To do - The lines below, from the one containing "槐花茶怎么做 槐花茶怎么做法" through the one containing "Church Sound Guy", should be set down exactly, with no pictures and nothing else.

Material provided -
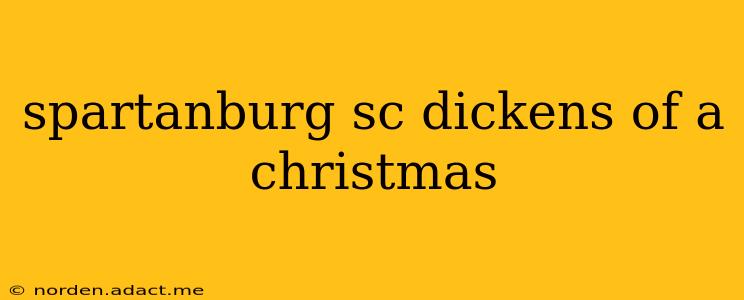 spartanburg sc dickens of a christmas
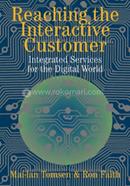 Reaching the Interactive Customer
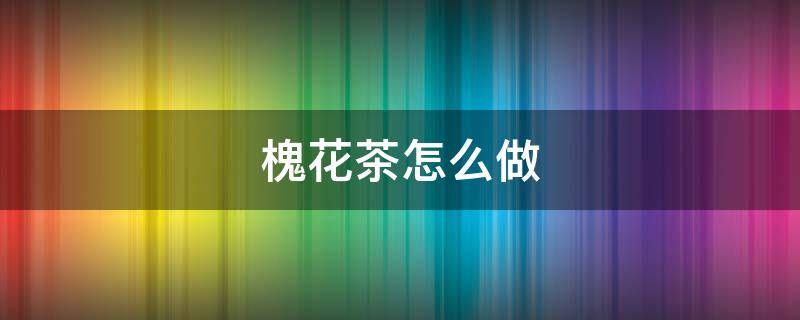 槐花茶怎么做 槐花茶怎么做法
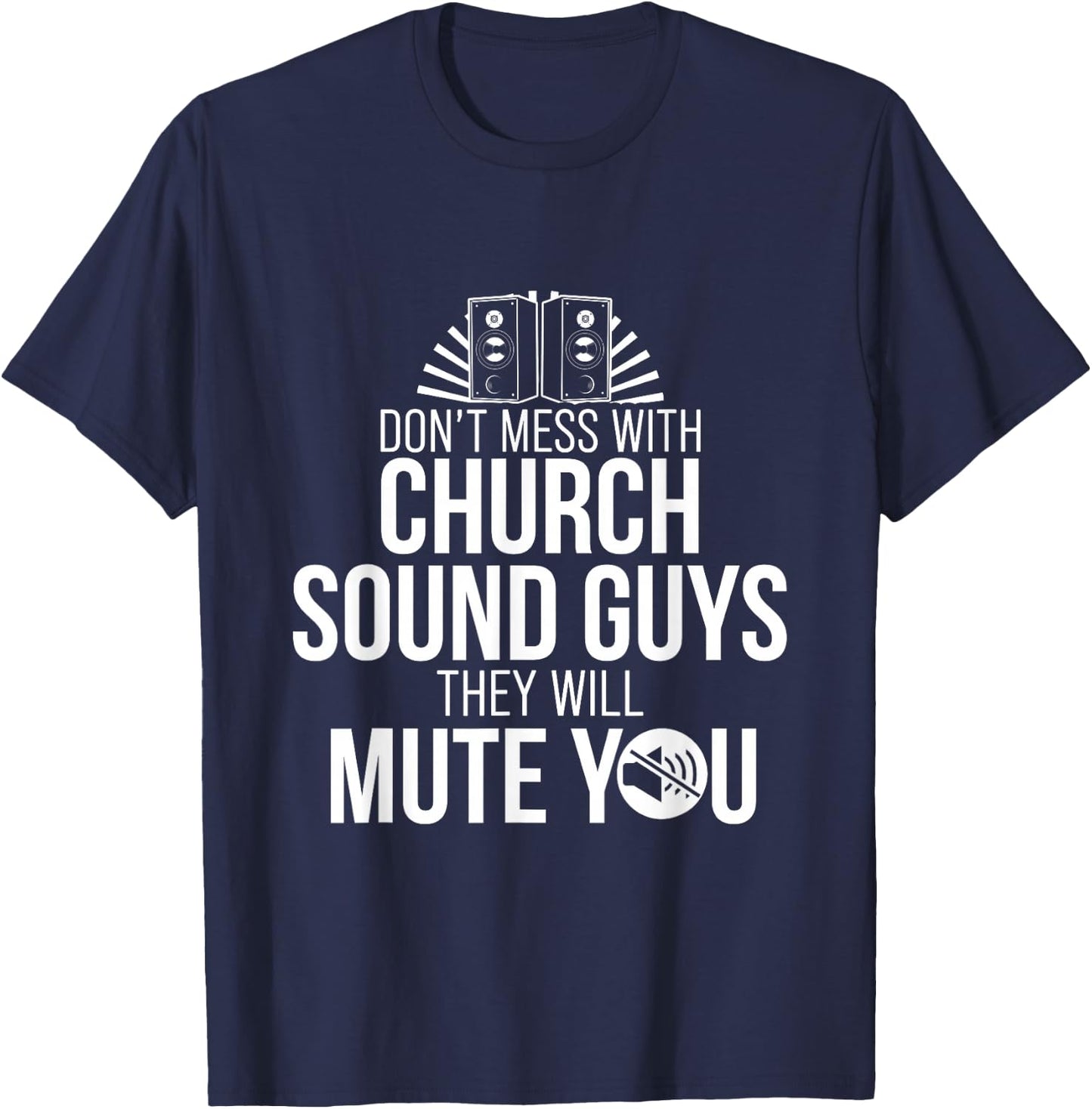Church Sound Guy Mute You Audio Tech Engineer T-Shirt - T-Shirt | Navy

---

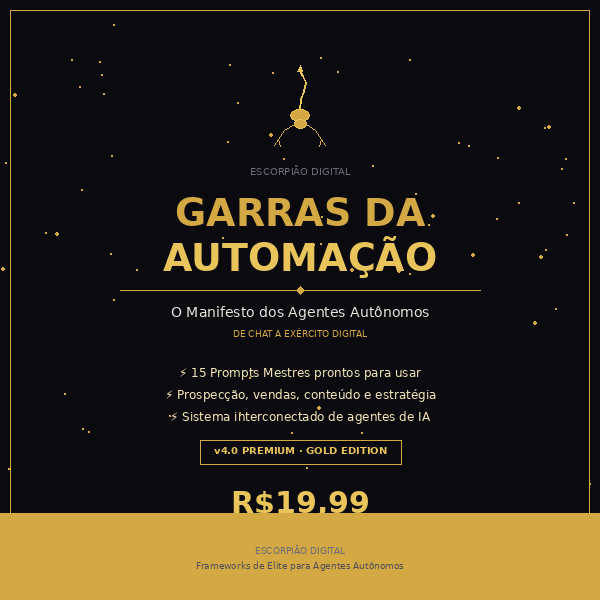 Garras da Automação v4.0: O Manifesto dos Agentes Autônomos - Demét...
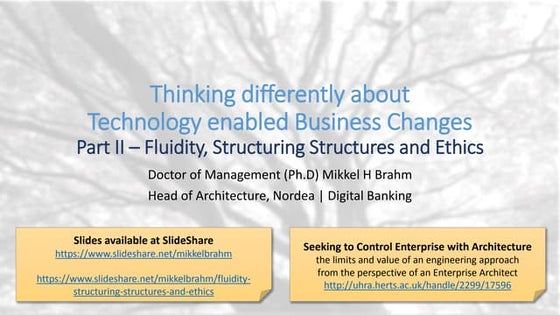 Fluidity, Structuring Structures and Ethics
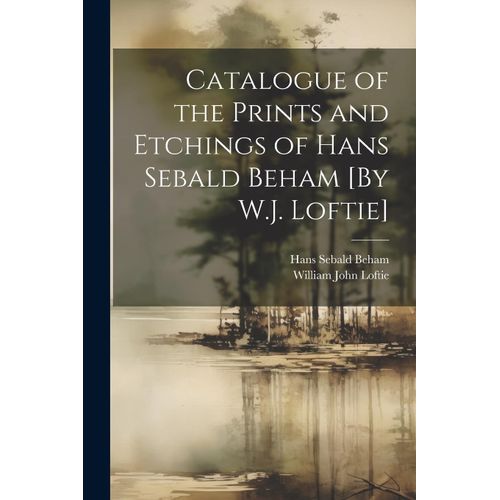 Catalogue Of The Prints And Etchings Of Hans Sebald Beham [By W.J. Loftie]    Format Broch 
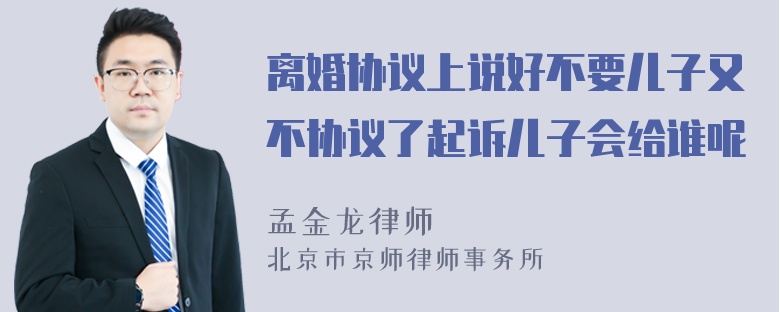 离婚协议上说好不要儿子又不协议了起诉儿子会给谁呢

Reply -
 槐花茶怎么做 槐花茶怎么做法
Church Sound Guy Mute You Audio Tech Engineer T-Shirt - T-Shirt | Navy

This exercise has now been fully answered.